Logstash errors after upgrading to filebeat-6.3.0

An additional workaround is to use versioned indices as is recommend in the docs: https://www.elastic.co/guide/en/beats/filebeat/current/logstash-output.html#_accessing_metadata_fields

output {
  elasticsearch {
    hosts => ["http://localhost:9200"]
    index => "%{[@metadata][beat]}-%{[@metadata][version]}-%{+YYYY.MM.dd}" 
  }
}

This makes sure there are not conflicts between templates / indices of different versions of Beats. This should be used also without the above issue.

I want to also share a bit of background on this change. On the Beats side we introduced the add_host_metadata processor which follows the schema from ECS: https://github.com/elastic/ecs During running some tests we found the issue that when first ingesting data through LS without the processor and then enable it, we would see the above error.
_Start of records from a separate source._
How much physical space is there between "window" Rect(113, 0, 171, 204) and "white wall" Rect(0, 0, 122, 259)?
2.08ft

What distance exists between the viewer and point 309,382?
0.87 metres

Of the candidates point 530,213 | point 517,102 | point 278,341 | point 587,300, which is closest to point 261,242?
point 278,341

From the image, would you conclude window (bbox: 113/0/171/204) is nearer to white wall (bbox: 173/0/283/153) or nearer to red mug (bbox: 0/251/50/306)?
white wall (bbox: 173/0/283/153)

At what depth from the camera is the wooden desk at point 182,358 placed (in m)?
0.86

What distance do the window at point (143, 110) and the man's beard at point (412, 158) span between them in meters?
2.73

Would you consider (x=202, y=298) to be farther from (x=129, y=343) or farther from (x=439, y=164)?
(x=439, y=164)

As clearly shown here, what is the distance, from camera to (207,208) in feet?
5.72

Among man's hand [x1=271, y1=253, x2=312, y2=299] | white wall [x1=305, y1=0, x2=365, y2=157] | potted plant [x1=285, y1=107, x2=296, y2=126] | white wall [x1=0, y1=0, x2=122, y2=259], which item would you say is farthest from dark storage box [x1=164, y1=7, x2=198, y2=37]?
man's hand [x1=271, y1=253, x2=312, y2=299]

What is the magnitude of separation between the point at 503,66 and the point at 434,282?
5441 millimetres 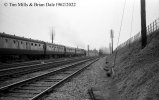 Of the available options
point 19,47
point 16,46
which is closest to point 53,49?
point 19,47

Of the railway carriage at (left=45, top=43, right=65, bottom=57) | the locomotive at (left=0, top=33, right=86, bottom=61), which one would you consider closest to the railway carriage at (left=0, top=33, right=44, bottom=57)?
the locomotive at (left=0, top=33, right=86, bottom=61)

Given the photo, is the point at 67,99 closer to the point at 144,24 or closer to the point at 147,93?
the point at 147,93

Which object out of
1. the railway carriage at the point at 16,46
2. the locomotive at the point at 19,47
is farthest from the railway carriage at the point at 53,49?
the railway carriage at the point at 16,46

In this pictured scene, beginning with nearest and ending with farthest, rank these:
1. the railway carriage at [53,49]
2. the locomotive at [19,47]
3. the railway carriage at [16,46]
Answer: the railway carriage at [16,46]
the locomotive at [19,47]
the railway carriage at [53,49]

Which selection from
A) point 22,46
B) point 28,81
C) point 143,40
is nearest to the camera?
point 28,81

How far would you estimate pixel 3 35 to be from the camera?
19.1 m

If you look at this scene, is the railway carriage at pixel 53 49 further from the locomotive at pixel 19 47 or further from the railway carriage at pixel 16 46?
the railway carriage at pixel 16 46

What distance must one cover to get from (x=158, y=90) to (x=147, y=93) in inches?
13.8

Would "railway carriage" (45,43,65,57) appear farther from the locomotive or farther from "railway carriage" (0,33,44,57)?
"railway carriage" (0,33,44,57)

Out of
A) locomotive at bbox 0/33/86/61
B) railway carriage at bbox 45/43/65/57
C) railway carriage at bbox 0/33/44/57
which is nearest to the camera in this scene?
railway carriage at bbox 0/33/44/57

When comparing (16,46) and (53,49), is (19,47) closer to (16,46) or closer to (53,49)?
(16,46)

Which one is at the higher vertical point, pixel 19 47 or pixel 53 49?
pixel 53 49

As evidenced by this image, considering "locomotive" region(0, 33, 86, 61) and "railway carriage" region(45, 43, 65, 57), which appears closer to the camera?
"locomotive" region(0, 33, 86, 61)

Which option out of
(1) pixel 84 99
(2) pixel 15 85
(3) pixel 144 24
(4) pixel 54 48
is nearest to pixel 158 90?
(1) pixel 84 99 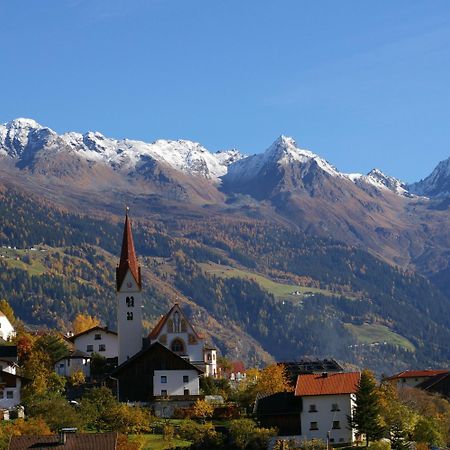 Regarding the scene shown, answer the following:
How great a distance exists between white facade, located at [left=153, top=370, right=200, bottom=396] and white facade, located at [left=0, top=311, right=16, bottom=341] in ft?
106

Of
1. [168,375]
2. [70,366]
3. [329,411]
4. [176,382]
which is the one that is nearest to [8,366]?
[70,366]

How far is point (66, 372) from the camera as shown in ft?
426

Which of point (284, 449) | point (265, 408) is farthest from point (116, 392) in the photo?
point (284, 449)

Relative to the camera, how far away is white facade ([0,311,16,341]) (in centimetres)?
14570

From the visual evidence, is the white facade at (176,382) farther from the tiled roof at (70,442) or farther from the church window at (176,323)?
the tiled roof at (70,442)

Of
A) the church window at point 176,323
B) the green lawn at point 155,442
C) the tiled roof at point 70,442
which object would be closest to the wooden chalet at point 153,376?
the green lawn at point 155,442

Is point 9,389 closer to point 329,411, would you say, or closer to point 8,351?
point 8,351

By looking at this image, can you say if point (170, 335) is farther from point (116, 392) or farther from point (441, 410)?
point (441, 410)

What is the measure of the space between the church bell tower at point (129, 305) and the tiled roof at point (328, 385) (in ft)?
117

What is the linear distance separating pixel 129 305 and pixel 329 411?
42.1m

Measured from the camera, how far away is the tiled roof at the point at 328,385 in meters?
102

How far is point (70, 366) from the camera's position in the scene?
429ft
The reason is that the Beats Input in LS adds a host field when no fields exists. So our solution here is to send up host.name with each event which prevents LS from adding the host field. This works as long as a new index is used for each Beat version (see example above).

We will work on improving the docs and try to come with other ways on how to migrate like introducing a config option in the beats input.

OK, we make versioned indices to prevent the mapping error. The stuff is indexed, and then? The reports are corrupted, because the host field is in some indices a text field and in other indices a object field.

1 Like

Also putting beat version into index name breaks index size/number of shards, ... optimizations in large deployments. Image the bigger organization with hundereds of systems running multiple versions of beats because of several reasons - update policy in organization, teams separation, ... So instead of 3000 of indices one would end up with 15000 or more indices which brings optimization issues. Elastic should be very careful with changes like this because in enterprise environment it is expected to be backward compatible for a long time (not to break everything each minor version).

5 Likes

worked for me. Thanks! :slight_smile:

1 Like

Here is a PR up that is planned to be added to the docs and should share some more details about the issue and how to fix it: https://github.com/elastic/beats/pull/7398

1 Like

I don't see how simply making users more aware of the issue helps those who are affected by it. This change has massive implications for existing stacks.

Removing/renaming the host object as a "workaround" doesn't sit well with me, as it permanently removes the ability to make use of the host metadata feature. After implementing this workaround, there is no clear way forward if you want to use this feature.

Why couldn't the new object be called host_metadata if that's what its intended purpose is? Why would you clobber a critical field that's been in use by many users for such a long time? I really can't get my head around the logic behind this at all.

In my case we have several hundred hosts all currently using the host field, and I have no idea at all how to proceed. For all intents and purposes we are stuck on 6.2.4, as the alternative is to spend days changing and testing everything in our pipeline and somehow coordinate beats upgrades across all these hosts so we don't run into mapping issues and lose production data. On top of that, even if we do manage to upgrade without data loss, we will have mapping conflicts with our historical data, on a critical identification field, making it unusable.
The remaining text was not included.